Give back only the line containing "Präsident Francois Hollande" and every line after it through the end of the data below, transcribed exactly.
──────────────────────────────
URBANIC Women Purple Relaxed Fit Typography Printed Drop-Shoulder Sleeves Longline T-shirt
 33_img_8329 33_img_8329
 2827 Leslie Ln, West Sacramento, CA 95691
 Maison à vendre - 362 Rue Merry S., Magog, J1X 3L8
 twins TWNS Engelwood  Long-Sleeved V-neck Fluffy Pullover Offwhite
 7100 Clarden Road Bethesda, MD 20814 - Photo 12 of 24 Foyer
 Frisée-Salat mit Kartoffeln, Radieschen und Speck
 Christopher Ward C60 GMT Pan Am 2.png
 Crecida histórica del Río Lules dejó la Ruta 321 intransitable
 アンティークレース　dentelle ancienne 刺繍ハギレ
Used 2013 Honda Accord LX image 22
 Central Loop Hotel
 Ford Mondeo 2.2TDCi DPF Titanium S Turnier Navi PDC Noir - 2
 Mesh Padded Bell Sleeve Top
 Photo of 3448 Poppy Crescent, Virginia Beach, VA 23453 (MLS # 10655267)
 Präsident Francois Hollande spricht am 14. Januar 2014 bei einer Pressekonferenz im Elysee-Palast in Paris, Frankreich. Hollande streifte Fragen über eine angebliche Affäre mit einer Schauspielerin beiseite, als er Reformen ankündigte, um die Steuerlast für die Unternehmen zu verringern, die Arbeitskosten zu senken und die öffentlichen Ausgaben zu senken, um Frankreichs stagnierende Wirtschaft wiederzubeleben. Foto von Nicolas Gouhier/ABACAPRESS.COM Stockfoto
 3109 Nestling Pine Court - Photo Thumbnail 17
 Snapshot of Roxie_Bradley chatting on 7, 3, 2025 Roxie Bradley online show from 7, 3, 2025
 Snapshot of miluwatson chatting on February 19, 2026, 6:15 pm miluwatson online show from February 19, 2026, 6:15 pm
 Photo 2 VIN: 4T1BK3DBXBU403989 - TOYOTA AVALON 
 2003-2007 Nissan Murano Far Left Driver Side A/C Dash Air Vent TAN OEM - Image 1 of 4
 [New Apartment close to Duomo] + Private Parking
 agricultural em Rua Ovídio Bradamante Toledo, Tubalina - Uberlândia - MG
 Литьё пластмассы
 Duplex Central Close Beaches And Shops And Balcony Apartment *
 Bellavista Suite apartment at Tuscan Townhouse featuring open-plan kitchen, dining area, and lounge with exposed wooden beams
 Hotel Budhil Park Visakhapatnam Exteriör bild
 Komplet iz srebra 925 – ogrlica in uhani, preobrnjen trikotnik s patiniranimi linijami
──────────────────────────────
_Exercise answer_
 Präsident Francois Hollande spricht am 14. Januar 2014 bei einer Pressekonferenz im Elysee-Palast in Paris, Frankreich. Hollande streifte Fragen über eine angebliche Affäre mit einer Schauspielerin beiseite, als er Reformen ankündigte, um die Steuerlast für die Unternehmen zu verringern, die Arbeitskosten zu senken und die öffentlichen Ausgaben zu senken, um Frankreichs stagnierende Wirtschaft wiederzubeleben. Foto von Nicolas Gouhier/ABACAPRESS.COM Stockfoto
 3109 Nestling Pine Court - Photo Thumbnail 17
 Snapshot of Roxie_Bradley chatting on 7, 3, 2025 Roxie Bradley online show from 7, 3, 2025
 Snapshot of miluwatson chatting on February 19, 2026, 6:15 pm miluwatson online show from February 19, 2026, 6:15 pm
 Photo 2 VIN: 4T1BK3DBXBU403989 - TOYOTA AVALON 
 2003-2007 Nissan Murano Far Left Driver Side A/C Dash Air Vent TAN OEM - Image 1 of 4
 [New Apartment close to Duomo] + Private Parking
 agricultural em Rua Ovídio Bradamante Toledo, Tubalina - Uberlândia - MG
 Литьё пластмассы
 Duplex Central Close Beaches And Shops And Balcony Apartment *
 Bellavista Suite apartment at Tuscan Townhouse featuring open-plan kitchen, dining area, and lounge with exposed wooden beams
 Hotel Budhil Park Visakhapatnam Exteriör bild
 Komplet iz srebra 925 – ogrlica in uhani, preobrnjen trikotnik s patiniranimi linijami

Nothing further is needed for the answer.